EXERCISE: Retype the material that follows exactly, limited to the lines from the one with "bedroom with dark" through the one with "Inviting kidney-shaped pool", and keep out all pictures.

AVAILABLE DATA:
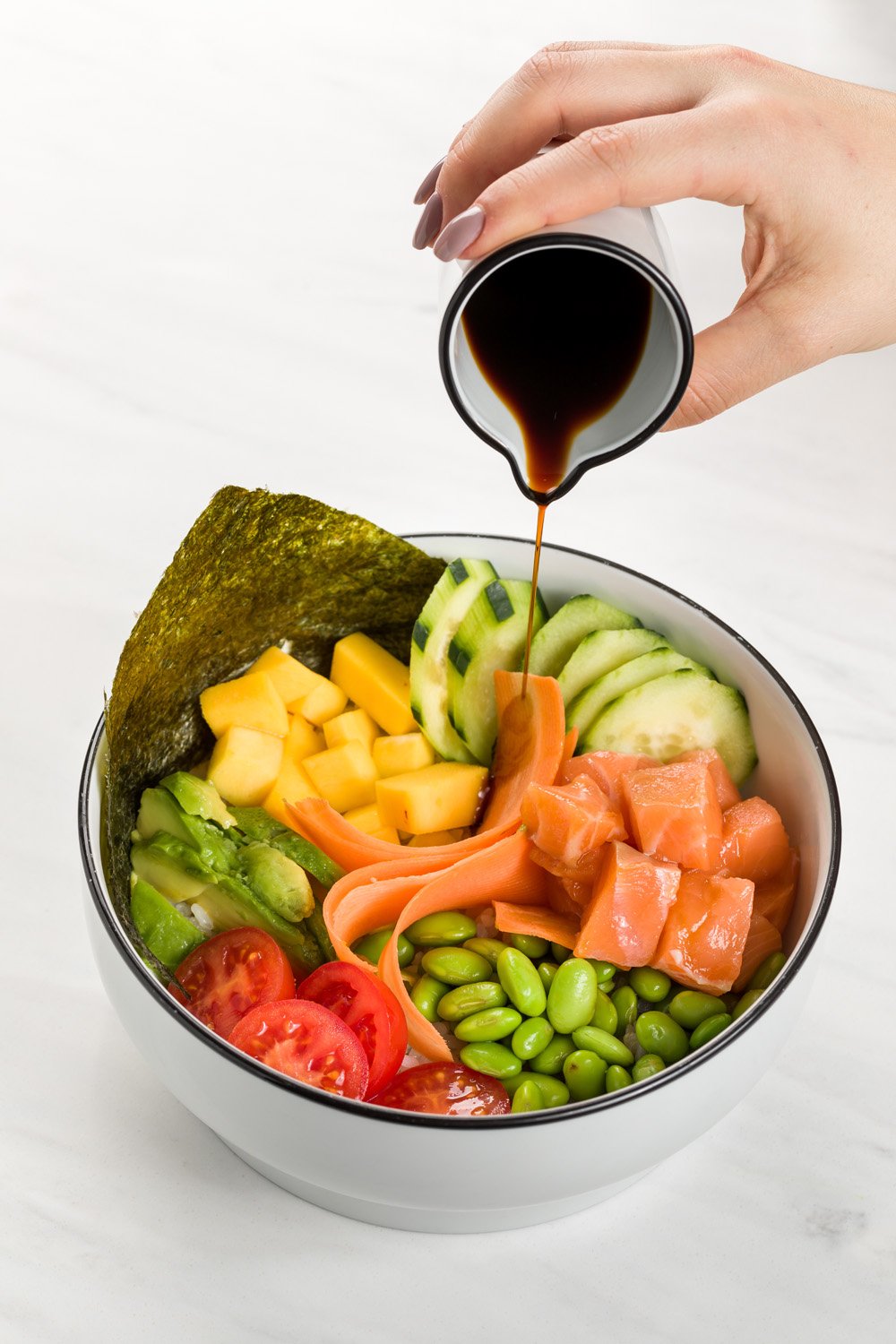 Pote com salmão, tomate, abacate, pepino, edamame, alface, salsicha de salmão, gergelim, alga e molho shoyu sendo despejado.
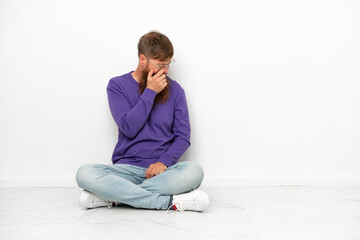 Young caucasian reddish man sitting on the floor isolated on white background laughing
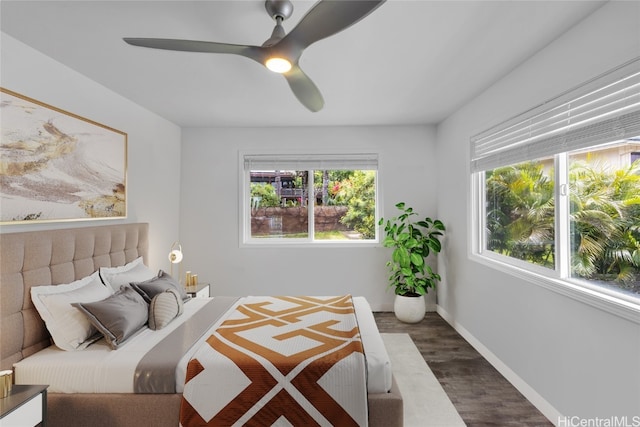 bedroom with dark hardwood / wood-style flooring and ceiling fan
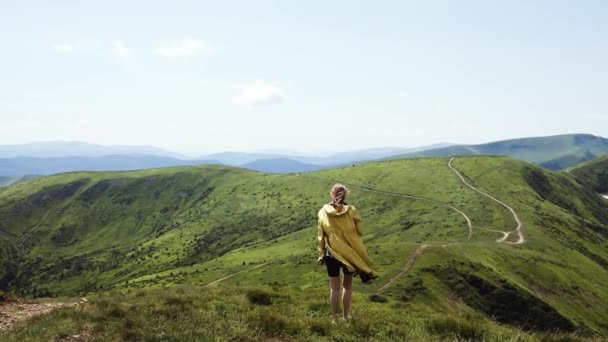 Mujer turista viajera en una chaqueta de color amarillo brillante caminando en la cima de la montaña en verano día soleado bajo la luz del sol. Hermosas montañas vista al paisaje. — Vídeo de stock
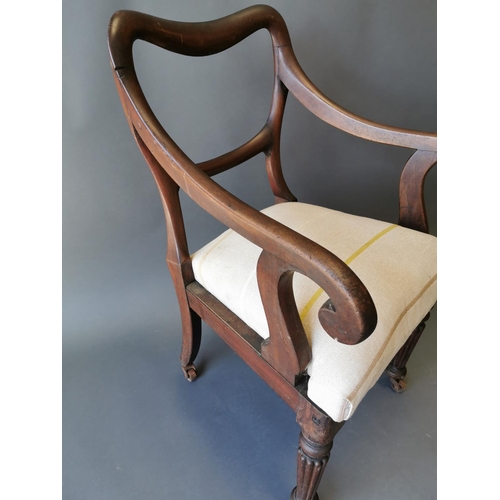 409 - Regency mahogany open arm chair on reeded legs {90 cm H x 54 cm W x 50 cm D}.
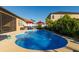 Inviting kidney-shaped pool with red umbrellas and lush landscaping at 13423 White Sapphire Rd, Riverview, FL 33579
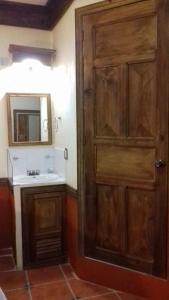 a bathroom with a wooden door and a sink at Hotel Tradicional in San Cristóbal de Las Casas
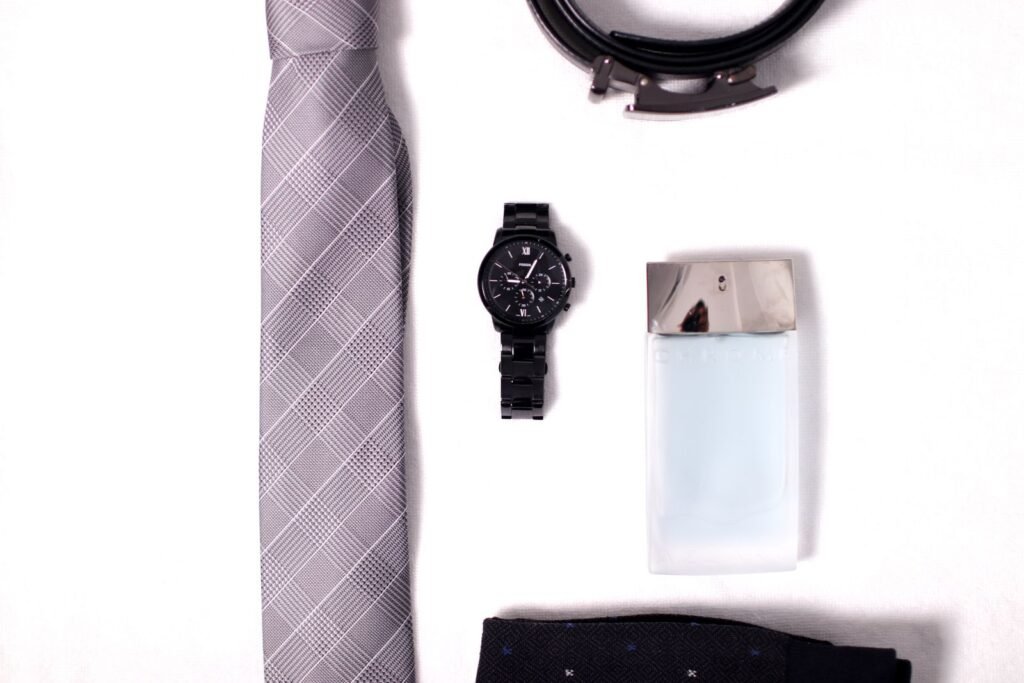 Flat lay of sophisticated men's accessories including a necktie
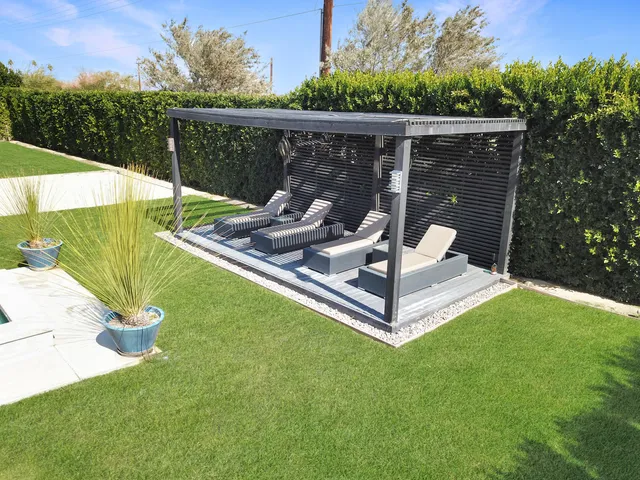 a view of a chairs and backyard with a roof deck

TASK RESPONSE:
 bedroom with dark hardwood / wood-style flooring and ceiling fan
 Mujer turista viajera en una chaqueta de color amarillo brillante caminando en la cima de la montaña en verano día soleado bajo la luz del sol. Hermosas montañas vista al paisaje. — Vídeo de stock
 409 - Regency mahogany open arm chair on reeded legs {90 cm H x 54 cm W x 50 cm D}.
 Inviting kidney-shaped pool with red umbrellas and lush landscaping at 13423 White Sapphire Rd, Riverview, FL 33579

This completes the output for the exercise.